You're right, I've filed a separate bug for it: issue7451.

Your example takes 0.5s to dump here.

Antoine, what do you want to do with the one?  Without a good test case the OP's original issue is undiagnosable.

I specifically mentioned *SPARC* as the performance problem area, but the reply about "0.5s to dump" fails to mention on what platform they tested

My problem is not "undiagnosable".  I'll be happy to provide you with even more data files.  But I believe that there is a problem here on some architectures for reasons other than those of simple differences in single-threaded performance that could be accounted to processor architecture.

As an example of something that makes a noticeable difference on SPARC systems I've checked:

178     # could accelerate with writelines in some versions of Python, at
179     # a debuggability cost
180     for chunk in iterable:
181         fp.write(chunk)

Changing that to use writelines() is a significant win.  You go from over a million calls to write (for small bits as simple as a single character such as '{') to one single call to writelines() with an iterable.

The recursive call structure of the json code also adds significant overhead on some architectures.

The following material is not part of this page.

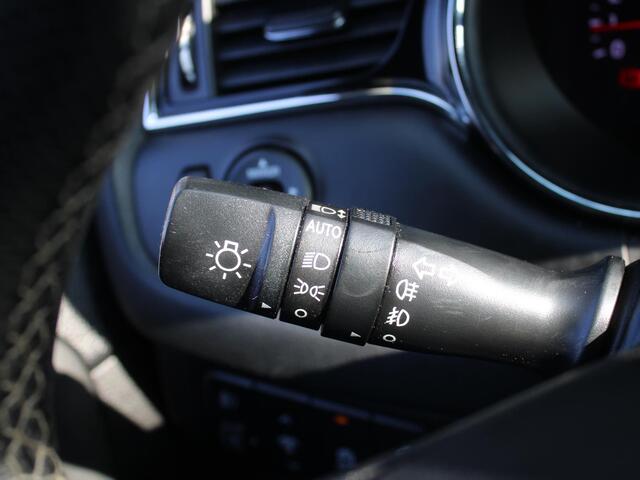 KIA CEE D cee'd Sportswagon 1.0 T-GDi GT-Line Edition | Trekhaak | Stuur-/stoelverwarming | Pano dak | Camera | 17" LM | Clima | Cruise | Navi | Carplay |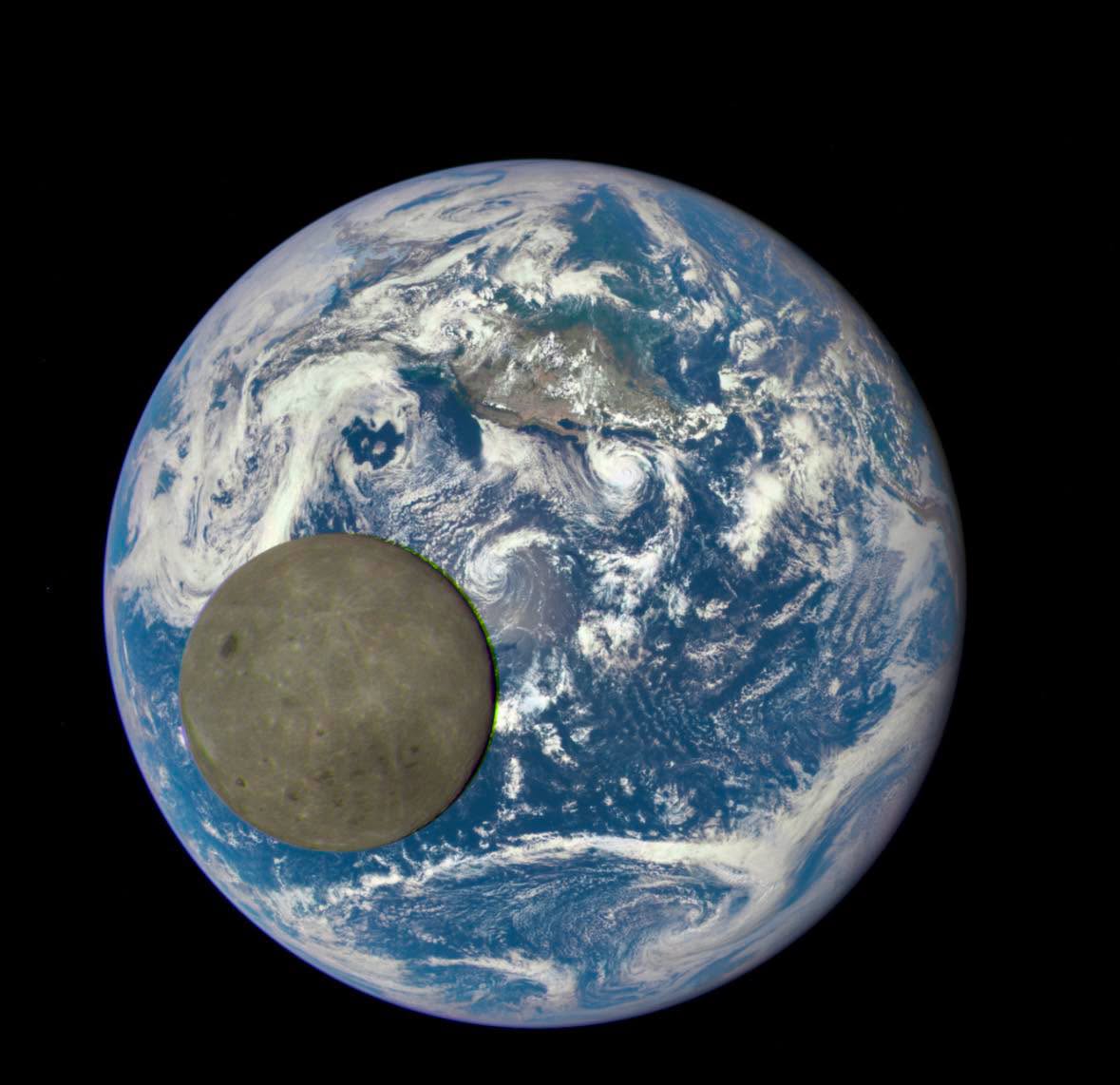 Esta espectacular fotografía fue capturada en 2026 por el satélite DSCOVR de la NASA, mostrando el lado oculto de la Luna en tránsito por delante d...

What's "undiagnosable" here is the response to the issue I reported -- it provides no information about the platform that was tested or how the testing was done.

My testing was done by reading the attached file using json, and then timing the results of writing it back out (to /tmp mind you, which is memory-backed on my OS platform, so no disk I/O was involved, I've also checked writing to a cStringIO object).

Raymond, I'll follow up in private with Shawn. All the recent performance improvements done on JSON (in 3.2) mean the issue can be closed IMO.